→ **Exercise**
Each line from the one that contains "و زیبایی|مرند, |دیوار" through the end of the entries should be repeated exactly, with nothing added.

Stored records
-=-=-
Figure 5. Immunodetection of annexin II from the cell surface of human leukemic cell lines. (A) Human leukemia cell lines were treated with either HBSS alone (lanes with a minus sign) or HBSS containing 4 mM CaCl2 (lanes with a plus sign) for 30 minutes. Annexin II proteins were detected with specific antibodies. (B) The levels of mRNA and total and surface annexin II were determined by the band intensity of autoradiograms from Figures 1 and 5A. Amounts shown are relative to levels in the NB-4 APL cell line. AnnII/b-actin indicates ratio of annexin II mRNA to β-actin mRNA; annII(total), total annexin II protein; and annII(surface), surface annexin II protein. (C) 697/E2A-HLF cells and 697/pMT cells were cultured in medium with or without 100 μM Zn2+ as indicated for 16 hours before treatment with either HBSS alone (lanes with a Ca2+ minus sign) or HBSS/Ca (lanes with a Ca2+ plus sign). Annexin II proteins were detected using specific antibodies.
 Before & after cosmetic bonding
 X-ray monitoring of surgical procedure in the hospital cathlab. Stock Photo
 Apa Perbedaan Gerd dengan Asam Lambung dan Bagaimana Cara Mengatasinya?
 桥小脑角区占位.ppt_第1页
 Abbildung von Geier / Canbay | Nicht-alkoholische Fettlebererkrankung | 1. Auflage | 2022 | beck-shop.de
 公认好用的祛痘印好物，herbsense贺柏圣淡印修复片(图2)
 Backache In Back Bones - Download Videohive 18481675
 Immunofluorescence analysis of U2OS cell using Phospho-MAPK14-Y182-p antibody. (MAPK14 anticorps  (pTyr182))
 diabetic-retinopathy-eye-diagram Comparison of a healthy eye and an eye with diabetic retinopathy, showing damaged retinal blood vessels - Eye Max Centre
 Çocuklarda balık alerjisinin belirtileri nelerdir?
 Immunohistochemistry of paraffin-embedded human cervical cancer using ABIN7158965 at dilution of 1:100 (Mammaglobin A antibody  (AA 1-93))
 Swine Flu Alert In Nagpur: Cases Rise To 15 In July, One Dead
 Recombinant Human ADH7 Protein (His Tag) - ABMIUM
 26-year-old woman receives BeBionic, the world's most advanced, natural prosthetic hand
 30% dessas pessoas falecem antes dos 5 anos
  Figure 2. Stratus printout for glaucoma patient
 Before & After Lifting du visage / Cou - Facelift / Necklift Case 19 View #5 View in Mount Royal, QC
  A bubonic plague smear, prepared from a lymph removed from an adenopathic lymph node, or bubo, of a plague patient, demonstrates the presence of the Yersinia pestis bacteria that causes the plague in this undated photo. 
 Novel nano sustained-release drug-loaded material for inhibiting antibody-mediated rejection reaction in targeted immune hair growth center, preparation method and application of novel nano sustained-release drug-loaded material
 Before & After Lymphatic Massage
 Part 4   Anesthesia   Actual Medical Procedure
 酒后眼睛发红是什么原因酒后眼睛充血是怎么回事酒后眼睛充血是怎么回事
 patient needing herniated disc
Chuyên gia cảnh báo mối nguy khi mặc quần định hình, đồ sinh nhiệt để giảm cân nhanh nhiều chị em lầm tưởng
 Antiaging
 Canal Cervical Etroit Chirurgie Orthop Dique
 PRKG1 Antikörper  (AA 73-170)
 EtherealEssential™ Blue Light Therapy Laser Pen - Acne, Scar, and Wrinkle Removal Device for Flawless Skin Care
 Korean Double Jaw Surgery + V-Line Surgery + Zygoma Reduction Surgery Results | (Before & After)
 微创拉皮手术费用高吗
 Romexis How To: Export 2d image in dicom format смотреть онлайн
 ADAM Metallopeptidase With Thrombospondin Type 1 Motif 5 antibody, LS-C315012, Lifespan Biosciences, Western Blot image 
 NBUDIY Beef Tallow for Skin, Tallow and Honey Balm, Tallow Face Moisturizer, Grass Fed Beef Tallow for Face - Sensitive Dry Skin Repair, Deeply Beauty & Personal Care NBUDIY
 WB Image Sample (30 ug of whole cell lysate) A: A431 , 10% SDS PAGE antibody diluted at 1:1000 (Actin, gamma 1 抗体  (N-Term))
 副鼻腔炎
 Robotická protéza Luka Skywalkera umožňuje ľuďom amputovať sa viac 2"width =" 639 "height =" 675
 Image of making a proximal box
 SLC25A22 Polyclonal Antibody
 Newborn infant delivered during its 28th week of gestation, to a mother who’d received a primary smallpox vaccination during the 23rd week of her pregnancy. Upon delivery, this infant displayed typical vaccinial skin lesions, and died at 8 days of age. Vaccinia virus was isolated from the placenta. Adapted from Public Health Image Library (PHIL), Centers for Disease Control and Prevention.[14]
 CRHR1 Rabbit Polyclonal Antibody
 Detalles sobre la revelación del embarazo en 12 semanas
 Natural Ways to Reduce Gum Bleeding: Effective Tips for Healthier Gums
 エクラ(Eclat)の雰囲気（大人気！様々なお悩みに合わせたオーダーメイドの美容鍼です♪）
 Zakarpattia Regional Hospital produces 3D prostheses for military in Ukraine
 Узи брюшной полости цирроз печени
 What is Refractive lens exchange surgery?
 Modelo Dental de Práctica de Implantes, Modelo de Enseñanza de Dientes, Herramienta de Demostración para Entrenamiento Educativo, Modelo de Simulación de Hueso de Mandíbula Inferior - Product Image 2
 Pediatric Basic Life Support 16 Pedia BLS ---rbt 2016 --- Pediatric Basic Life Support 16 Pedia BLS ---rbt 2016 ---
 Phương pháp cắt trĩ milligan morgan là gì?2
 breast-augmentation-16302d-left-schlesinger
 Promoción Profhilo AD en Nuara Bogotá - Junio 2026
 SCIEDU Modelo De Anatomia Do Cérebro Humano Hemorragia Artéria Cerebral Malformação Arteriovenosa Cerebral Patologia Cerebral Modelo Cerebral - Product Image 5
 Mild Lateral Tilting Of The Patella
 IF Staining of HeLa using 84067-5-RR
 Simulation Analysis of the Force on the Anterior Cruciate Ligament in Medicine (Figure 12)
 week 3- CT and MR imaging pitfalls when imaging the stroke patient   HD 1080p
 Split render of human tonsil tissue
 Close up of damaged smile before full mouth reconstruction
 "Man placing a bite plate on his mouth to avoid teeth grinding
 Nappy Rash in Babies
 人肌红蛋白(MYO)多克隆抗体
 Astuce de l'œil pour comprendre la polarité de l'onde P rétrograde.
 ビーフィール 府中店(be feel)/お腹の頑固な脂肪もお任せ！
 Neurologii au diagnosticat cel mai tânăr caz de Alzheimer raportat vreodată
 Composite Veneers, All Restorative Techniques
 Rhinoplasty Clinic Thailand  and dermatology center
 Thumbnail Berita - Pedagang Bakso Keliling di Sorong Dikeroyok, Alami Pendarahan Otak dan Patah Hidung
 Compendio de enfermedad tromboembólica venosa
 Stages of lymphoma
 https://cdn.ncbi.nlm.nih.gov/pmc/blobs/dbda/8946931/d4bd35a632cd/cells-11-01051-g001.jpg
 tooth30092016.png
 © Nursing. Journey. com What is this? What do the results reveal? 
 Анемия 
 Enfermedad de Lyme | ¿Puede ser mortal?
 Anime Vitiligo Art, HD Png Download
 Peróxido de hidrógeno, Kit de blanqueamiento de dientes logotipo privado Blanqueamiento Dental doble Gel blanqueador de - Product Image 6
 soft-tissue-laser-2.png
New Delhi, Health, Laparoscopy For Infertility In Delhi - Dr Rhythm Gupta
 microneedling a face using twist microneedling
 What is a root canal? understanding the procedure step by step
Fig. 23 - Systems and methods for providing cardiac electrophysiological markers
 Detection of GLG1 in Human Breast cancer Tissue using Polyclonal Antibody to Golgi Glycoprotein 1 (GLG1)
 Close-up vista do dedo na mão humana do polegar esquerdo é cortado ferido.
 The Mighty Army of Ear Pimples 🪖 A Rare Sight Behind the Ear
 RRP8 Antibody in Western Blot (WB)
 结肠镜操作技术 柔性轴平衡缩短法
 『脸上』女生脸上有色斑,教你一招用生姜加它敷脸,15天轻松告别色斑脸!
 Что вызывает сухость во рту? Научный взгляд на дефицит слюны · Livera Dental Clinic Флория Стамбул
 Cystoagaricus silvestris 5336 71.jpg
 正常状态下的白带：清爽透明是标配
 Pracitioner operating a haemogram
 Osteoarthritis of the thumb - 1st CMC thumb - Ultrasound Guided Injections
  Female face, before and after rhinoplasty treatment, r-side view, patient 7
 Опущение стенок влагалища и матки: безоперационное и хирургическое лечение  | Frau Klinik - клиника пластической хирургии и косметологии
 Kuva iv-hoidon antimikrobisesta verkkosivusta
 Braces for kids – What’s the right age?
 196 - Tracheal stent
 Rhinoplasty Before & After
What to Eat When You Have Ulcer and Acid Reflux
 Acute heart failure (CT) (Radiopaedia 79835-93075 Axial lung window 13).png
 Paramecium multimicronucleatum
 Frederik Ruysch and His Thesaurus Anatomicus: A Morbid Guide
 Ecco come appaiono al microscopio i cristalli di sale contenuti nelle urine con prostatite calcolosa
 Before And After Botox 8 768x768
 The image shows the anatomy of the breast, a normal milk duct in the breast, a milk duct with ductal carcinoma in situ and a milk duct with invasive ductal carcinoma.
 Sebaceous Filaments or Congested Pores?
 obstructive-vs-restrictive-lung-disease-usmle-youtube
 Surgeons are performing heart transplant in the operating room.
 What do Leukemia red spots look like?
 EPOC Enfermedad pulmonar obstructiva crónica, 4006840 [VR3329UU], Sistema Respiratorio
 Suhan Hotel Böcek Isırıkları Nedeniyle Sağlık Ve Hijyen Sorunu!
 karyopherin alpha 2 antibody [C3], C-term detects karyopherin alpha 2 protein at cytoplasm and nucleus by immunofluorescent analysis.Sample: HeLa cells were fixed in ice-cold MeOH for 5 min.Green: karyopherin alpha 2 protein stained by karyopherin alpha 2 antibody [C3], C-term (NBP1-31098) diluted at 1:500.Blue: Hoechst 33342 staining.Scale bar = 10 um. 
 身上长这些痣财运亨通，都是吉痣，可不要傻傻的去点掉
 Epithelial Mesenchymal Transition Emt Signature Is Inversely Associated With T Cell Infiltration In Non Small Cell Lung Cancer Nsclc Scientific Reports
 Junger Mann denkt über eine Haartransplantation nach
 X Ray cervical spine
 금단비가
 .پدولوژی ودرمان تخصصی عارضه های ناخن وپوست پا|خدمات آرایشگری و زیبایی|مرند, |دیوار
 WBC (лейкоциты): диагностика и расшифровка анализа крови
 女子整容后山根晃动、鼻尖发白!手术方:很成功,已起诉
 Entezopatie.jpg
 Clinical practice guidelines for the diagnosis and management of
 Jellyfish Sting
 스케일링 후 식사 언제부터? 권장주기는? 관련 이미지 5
-=-=-
→ **Your solution**
 .پدولوژی ودرمان تخصصی عارضه های ناخن وپوست پا|خدمات آرایشگری و زیبایی|مرند, |دیوار
 WBC (лейкоциты): диагностика и расшифровка анализа крови
 女子整容后山根晃动、鼻尖发白!手术方:很成功,已起诉
 Entezopatie.jpg
 Clinical practice guidelines for the diagnosis and management of
 Jellyfish Sting
 스케일링 후 식사 언제부터? 권장주기는? 관련 이미지 5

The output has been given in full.